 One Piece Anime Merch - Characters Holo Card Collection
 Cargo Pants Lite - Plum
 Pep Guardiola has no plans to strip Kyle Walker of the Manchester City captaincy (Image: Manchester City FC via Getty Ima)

> **YOUR INSTRUCTIONS**
Exactly the lines from the one containing "Cargo Pants Lite - Plum" to the final line of the data, both included, should be printed, and nothing more.

> **SOLUTION TO THE PROBLEM**
 Cargo Pants Lite - Plum
 Pep Guardiola has no plans to strip Kyle Walker of the Manchester City captaincy (Image: Manchester City FC via Getty Ima)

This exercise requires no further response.